そして(5) 第一審原告が昭和二十七年三月十八日に第一審被告に対し、前示(イ)の家屋の昭和二十八年七月分以降昭和二十七年三月分までの賃料を同年三月三十一日までに支払うべく催告し、もしその支払なきときは賃貸借を解除すべき旨の停止条件附解除の意思表示をしたことは、当事者間に争なく、

また原審証人柳田幸次、同亀田茂重郎、同川上孝、原審及び当審証人永島スイ(各一部)の各証言、原審における第一審原告山口ミチ本人尋問の結果、成立に争なき甲第四号証、同乙第二号証の一、二、三、原審証人亀田茂重郎の証言により成立の認められる甲第十一号証を綜合すると、(6) 第一審被告は右第一審原告からの催告により、当時まだ支払つてなかつた昭和二十六年七月分以降九ケ月分の賃料を支払わんとして、催告書に金額の記載なきため、安蘇郡田沼町役場につき、本件(イ)(ロ)の家屋及びその敷地をも含めた別紙第二目録に記載の土地八十七坪二合八勺全部の公定賃料が、合計して一ケ月五百三十八円であることを調べ、その割合によると九ケ月分で四千八百四十二円になるところ、訴外柳田幸次同亀田茂重郎をそれぞれ代理人として催告期間内に二回に亘り、現金五千円を持参せしめ鹿沼市の第一審原告方に赴きこれを提供させたが、第一審原告は(イ)の家屋の前示約定賃料一ケ月二百円の割で一千八百円ならば受領するが、貸してない土地の地代等まで一緒では受取れないとて拒絶したので、第一審被告は右催告期間の末日たる同年三月三十一日に、右四千八百四十二円を郵便為替に組んで速達で第一審原告に郵送し、それが翌四月一日に到達した事実を、認めることができる。

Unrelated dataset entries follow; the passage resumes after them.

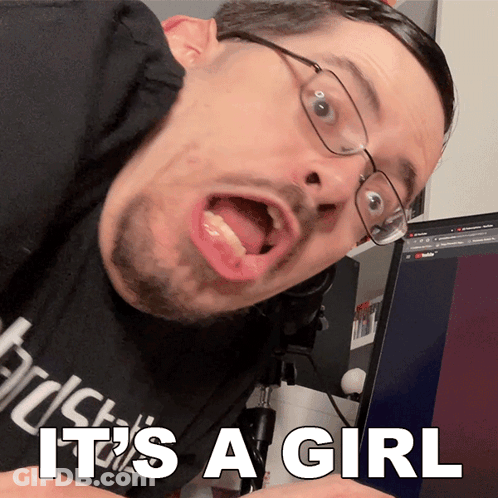 Man In Glasses And Black Shirt Saying It's A Girl GIF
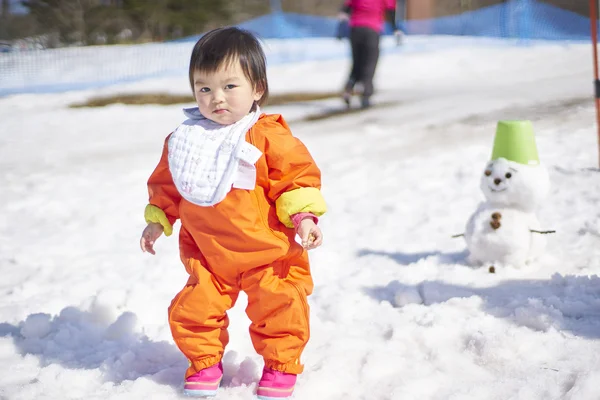 Adorable baby plays with snow — Stock Photo, Image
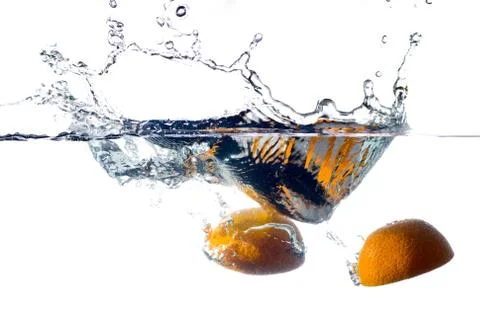 Orange splash Stock Photos
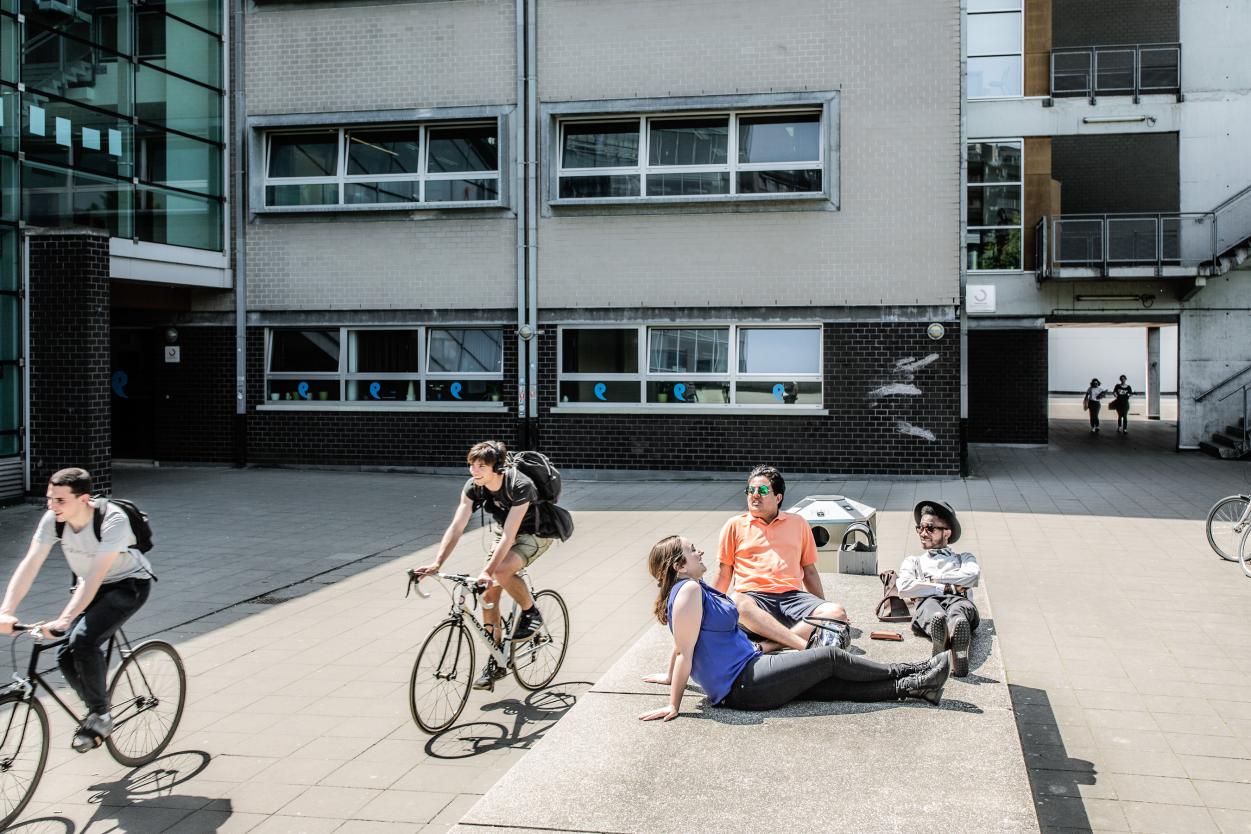 Studenten en fietsers op de esplanade aan het gebouw D op Campus Etterbeek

以上認定の(1) ないし(4) 及び(6) の事実に反する原審及び当審証人永島ヨシ、同永島スイの証言部分は措信できない。また乙第一号証中に多少まぎらわしい記載もあるが、これは当審証人加藤ヨシ、同加藤宏の証言に対比してみると、前示認定の妨げとなるものではない。

そこで以上の事実に基ずいて、第一審原告の本訴請求の当否を順次判断する。

一、別紙第一目録記載(イ)の家屋の明渡請求について。

(一)  第一次の賃料不払による賃貸借解除を原因とする請求について。

前示(1) ないし(4) に掲記の如く、昭和二十七年三月頃第一審原告は第一審被告に対し、本件(イ)の家屋を賃料一ケ月金二百円で賃貸してあり、当時本件(ロ)の家屋及び本件(ハ)の宅地は、第一審被告のいうようにこの賃貸借中に包含せられていたのではなく、全然賃貸していたのでもなかつたが、前示(5) の第一審原告の延滞賃料支払の催告に接し第一審被告は、前示(6) 掲記の如く右賃借していない宅地及び家屋の分の公定賃料額をも併せて、催告期間内に現実の提供をしたわけである。なるほど支払う義務のある延滞賃料よりはるか多額の現金を提供したのであるから、これが受領を拒めば一応債務者には遅滞の責がないように考えられる。しかし本件の場合のように(ロ)の家屋と(ハ)の土地が前記(イ)の家屋と同一賃貸借の目的物となつているかどうかが争われている際に、所有者の方でその分の賃料を受領すれば、それが賃貸の目的物となつていることを承認したという有力な資料となる虞あることは当然であるから、所有者たる賃貸人がその分の賃料をも含めての金額ならば受領しないというのは、むしろ普通のことである。そして第一審被告の方でそれをも含めた額でなければ支払わぬ意思であつたことは、前示の如く代理人においてこれをそのまま全部持ち帰り、その報告を聞いた筈の第一審被告が、争のある部分の賃料の支払を後日にする等のこともせず、依然全額で郵便送金した事実に徴しても、窺えるところである。してみれば本件の場合の右催告額を超えた金額の提供は、債務の本旨に従つた履行の提供とは云えないので、第一審被告は履行遅滞の責を免れず、第一審原告の停止条件附解除の意思表示はその効力を生じ、催告期限たる昭和二十七年三月三十一日の経過と共に、本件(イ)の家屋の賃貸借は解除となつたものと云わねばならぬ。よつて賃借人たる第一審被告は、その目的物件たる(イ)の家屋を賃貸人たる第一審原告に返還すべき義務があり、これが明渡を求める第一審原告の請求は正当として認容せらるべきものである。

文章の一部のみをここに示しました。